# Cocoa Toolbar Question



## rhale1 (Jul 21, 2002)

Hello all:

I have an app. I won't say what it does ('cause I don't know yet!), but it has a toolbar. This toolbar has an item that is composed of an NSView with some buttons (like in Fire's Online-On and Offline-Customize or the Finder's Icon-List-Column items). When I click the buttons, the main window switches views using the same animation method System Prefs or OW uses. All works well, except for the toolbar disapears; at least the items, anyway. The only way to get them back is to hide and then show the toolbar.

To make this short, anyone know how to refresh the toolbar? I tried looking in the Developer Help, but it didn't seem to find anything.

BTW: I posted some pics and a movie to show this.
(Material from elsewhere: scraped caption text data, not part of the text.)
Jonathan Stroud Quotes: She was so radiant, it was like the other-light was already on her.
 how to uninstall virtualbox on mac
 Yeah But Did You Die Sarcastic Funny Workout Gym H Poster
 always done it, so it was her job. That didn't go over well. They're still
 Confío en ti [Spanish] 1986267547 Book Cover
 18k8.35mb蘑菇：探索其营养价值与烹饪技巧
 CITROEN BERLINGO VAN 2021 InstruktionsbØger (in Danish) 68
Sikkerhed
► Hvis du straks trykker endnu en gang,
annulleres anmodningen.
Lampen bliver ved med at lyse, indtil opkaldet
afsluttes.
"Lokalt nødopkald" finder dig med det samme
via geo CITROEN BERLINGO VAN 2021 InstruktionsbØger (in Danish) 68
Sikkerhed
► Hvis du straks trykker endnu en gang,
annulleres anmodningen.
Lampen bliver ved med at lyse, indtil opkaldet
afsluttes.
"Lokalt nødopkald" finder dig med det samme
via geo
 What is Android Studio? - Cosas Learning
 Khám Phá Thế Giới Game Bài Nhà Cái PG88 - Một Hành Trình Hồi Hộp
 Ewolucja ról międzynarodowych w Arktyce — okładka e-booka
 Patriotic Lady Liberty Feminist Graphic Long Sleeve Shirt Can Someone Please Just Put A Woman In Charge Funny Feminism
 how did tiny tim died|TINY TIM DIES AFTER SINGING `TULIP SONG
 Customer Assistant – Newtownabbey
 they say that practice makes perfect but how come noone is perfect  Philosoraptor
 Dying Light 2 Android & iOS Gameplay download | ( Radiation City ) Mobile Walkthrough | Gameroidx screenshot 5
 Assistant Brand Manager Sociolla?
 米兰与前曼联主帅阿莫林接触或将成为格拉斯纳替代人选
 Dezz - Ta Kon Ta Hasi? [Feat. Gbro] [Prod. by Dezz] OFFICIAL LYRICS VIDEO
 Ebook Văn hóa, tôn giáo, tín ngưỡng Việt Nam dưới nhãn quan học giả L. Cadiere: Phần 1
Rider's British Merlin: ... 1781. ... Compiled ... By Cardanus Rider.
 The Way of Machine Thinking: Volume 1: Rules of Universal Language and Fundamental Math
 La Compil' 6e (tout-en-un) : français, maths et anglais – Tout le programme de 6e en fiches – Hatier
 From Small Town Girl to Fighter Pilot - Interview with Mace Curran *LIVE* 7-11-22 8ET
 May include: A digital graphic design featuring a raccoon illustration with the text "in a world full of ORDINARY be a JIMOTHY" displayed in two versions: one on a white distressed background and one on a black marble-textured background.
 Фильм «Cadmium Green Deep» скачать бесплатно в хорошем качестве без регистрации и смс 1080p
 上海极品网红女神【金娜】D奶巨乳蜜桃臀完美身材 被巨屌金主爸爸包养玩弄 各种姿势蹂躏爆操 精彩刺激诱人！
Click here to see them.

Thanks in advance:
Ryan


----------



## kainjow (Jul 22, 2002)

Hmm, that's weird. I have a program that uses a toolbar and changes the window's contentView each time a toolbar item is pressed, but it does work all the time. How big is your code? Maybe it's something with your code...


----------



## rhale1 (Jul 22, 2002)

My code's not too big, just MyDocument.m and MyDocument.h

I'll post the toolbar code, there is probably something I need to do (I'm still learning).

Kainjow, if you could post the code/app you have I can compare how the contentView changes.


----------



## kainjow (Jul 22, 2002)

I just used the tutorials at http://www.oreillynet.com/pub/a/mac/2002/02/15/cocoa.html and http://www.oreillynet.com/pub/a/mac/2002/03/15/cocoa.html and then mixed them together.


----------